一方、小型株指数には今年に入ってから、一足先に高値を更新しているものもあります。当面は、海外景気の影響を受けにくい、小型の好業績株の方が買われやすい地合いが続くと予想しています。

(1)日経平均は18,000円を前に一進一退

日経平均の動き:2013年1月4日~2015年2月9日

昨年12月に一時18,000円を超えた日経平均は、その後、調整して17,000円台で一進一退となっています。図でご覧いただける通り、三角もちあいを形成しています。ただし、テクニカル分析でみて、この三角もちあいは強基調です。上値を抑えている線がなだらかに下降しているのに対し、下値を支えている線の上昇角度は急だからです。あくまでもテクニカル分析ですが、このもちあいは先行き上放れる可能性が高いと見ることができます。

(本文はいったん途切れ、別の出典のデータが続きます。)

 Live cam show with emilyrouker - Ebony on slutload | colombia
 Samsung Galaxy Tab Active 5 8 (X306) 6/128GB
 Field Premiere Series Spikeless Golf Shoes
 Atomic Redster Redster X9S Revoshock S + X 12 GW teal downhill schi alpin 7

(2)東証二部指数・東証一部小型株指数は1月に高値更新

東証二部指数は、日経平均が調整する中、1月に高値を更新しました。足元、やや調整していますが、上昇基調は崩れていません。東証二部株には、内需株が多いことが関係しています。東証一部の大型株が海外の不安要因からやや上値が重くなる中、東証二部上場の小型株は、国内景気の回復を反映して、見直し買いが入りやすくなっています。

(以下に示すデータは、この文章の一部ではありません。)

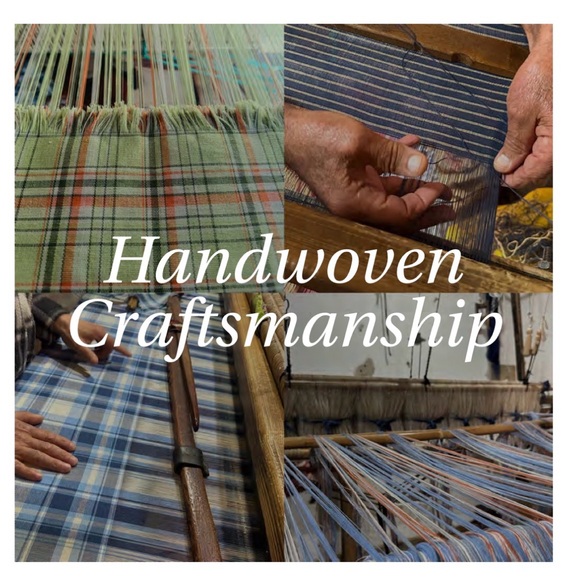 Res Ispa Turkish Handmade Artisan Sneaker Rainbow Womens Sz 9 Art to Wear Shoe - Picture 8 of 8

東証二部指数の動き:2013年1月4日~2015年2月9日

東証一部の小型株指数も1月に高値を更新しています。大型株の上値がやや重くなる中、好業績の小型株が見直されています。

東証一部小型株指数の動き:2013年1月4日~2015年2月9日

(3)日経ジャスダック平均も上昇基調

日経ジャスダック平均の動き:2013年1月4日~2015年2月9日

(4)東証マザーズ変調

小型株指数は、総じて大型株指数より好調ですが、小型株指数の中で唯一、弱基調となっているのが、東証マザーズ指数です。

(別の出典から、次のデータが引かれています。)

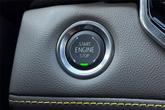 Thumbnail of 2026 Sterling Gray Metallic Chevrolet Colorado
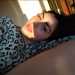 Mary's profile picture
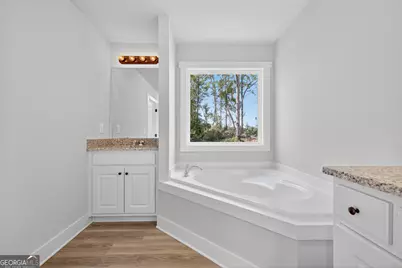 159 Mockingbird Lane #16, Winder, GA 30680 - Photo 31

東証マザーズ指数の動き:2013年1月4日~2015年2月9日

東証マザーズ指数は、以下の3点から弱基調です。

  • 足元の三角もちあいで、上値を抑える線の下げ角度が、下値を支える線の上昇角度よりも急である。
  • 2013年・2014年の高値を抜けていない。
  • 成長期待から株価が急騰し、割高になっている銘柄が多いと考えられる。

(注:弊社アナリスト今中は、東証マザーズ上場のミクシィ(2121)については、売られ過ぎで割安と判断しています。
ミクシィ以外の東証マザーズ上場株については割高な銘柄が多いと考えています)

(5)東証マザーズ以外の小型株に注目

当面は、流れに逆らわず、東証マザーズ以外の小型株に、積極投資しても良いのではないかと考えています。東証マザーズ株に投資価値がないと考えているわけではありません。あくまでも、短期的な投資資金の流れを考えての判断です。

東証マザーズには成長期待が高いものの、足元の売上や利益水準が低い銘柄が多くなっています。日本企業の業績回復が本格化しない間に、成長期待の高い東証マザーズ株の人気が沸騰するのはよくあることです。2013年がそういう年でした。東証マザーズ指数の上昇率が、他の小型株指数と比べて突出して高くなりました。

ところが、2014年の後半以降、日本の企業業績の本格的な回復が視野に入ってきてからは、投資資金の流れが変わっています。投資資金は、マザーズ市場から流出して、相対的に割安なジャスダック・東証二部や東証一部上場の小型株に向かい始めています。当面、この流れが続くと考えられます。東証マザーズに集中投資している投資家は、投資資金の一部をジャスダックや東証二部、あるいは東証一部小型株に分散することも考えた方がいいと思います。